Le groupe pétrolier de Samuel Dossou-Aworet est aujourd’hui présent dans une douzaine de pays et pèse plus de 700 millions de dollars de chiffre d’affaire, notamment grâce à ses opérations de négoce. « Au Gabon, mon activité de trading a permis aux producteurs de taille moyenne comme Tullow Oil, Hess ou Perenco de vendre leur pétrole ». Toutefois, face aux géants comme Vitol, Glencore et Trafigura, Petrolin choisit de se recentrer dans l’exploration et la production.

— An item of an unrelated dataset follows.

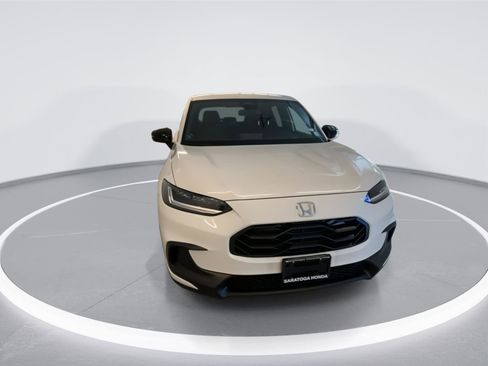 New 2025 Honda HR-V Sport image 2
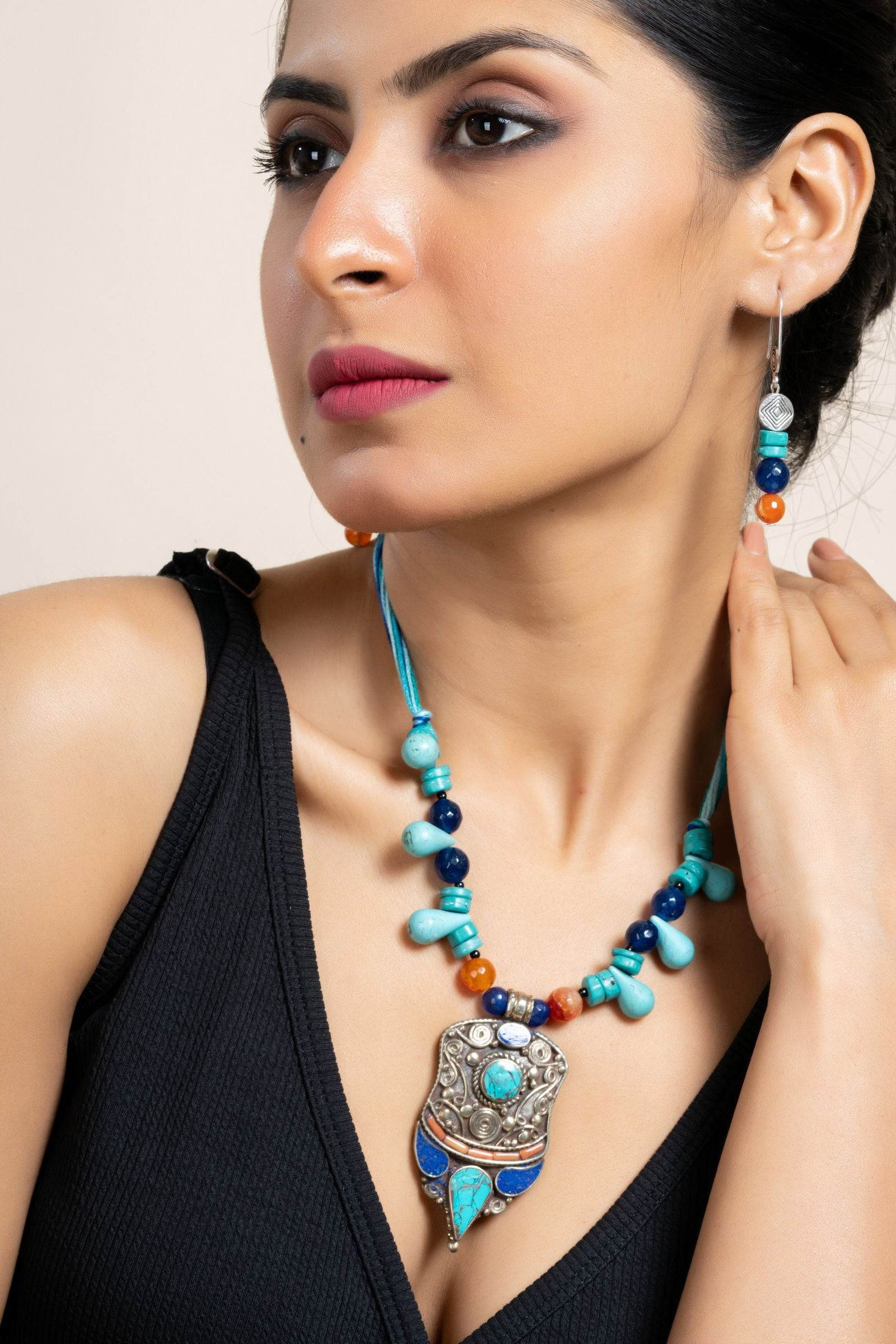 Handmade Turquoise Drop Tibetan Pendant Necklace with Earrings Jewelry Set & Adjustable Dori - Lookandadorn.com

Le pétrole, la banque et le transport
Samuel Dossou-Aworet s’est par ailleurs lancé dans un processus de diversification. L’homme d’affaires béninois a multiplié les investissements dans le secteur bancaire, rentrant par exemple au capital de Bank of Africa, Orabank Gabon ou de BGFI Bank Bénin. Il s’est aussi placé dans le secteur du transport en fondant Comfort Jet Services, une compagnie d’aviation d’affaires enregistrée au Togo, qui exploite une flotte d’une centaine d’appareils.

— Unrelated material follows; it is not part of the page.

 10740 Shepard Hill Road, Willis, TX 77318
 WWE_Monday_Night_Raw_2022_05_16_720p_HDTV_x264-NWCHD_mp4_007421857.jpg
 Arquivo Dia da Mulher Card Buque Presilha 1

Samuel Dossou-Aworet s’est enfin positionné sur le projet de reconstruction de la ligne de chemin de fer entre Cotonou et Niamey, partie de « l’épine dorsale », une boucle ferroviaire reliant le Bénin au Niger. En 2010, Petrolin gagne l’appel d’offre mais le 7 novembre 2013, sous l’influence des présidents du Bénin et du Niger, il se voit adjoindre le groupe Bolloré en tant que partenaire technique.
Pris de vitesse par Bolloré
Si à l’époque Samuel Dossou-Aworet n’y voit aucun inconvénient, il ne signe pas le mémorandum d’entente. Toutefois, quelques mois plus tard, le groupe français donne les premiers coups de pioche à l’insu de Petrolin. S’en suit une longue bataille judiciaire. La cour suprême béninoise déboute finalement Bolloré, donnant ainsi raison à Samuel Dossou-Aworet. Le gouvernement choisit néanmoins une troisième voies avec l’option chinoise et invite Petrolin à se retirer du projet « à l’amiable ».
Malgré cette déconvenue, Samuel Dossou-Aworet conserve une influence certaine auprès de plusieurs dirigeants du continent. D’aileurs son épouse, Honorine Dossou Naki, fut ambassadrice du Gabon à Paris de 1994 à 2002 puis ministre à plusieurs reprises. Selon un de ses proches, il voue un respect absolu aux chefs d’États africains, mais lui invoque un certain pragmatisme en soutenant les candidats ayant de « bons projets économiques ».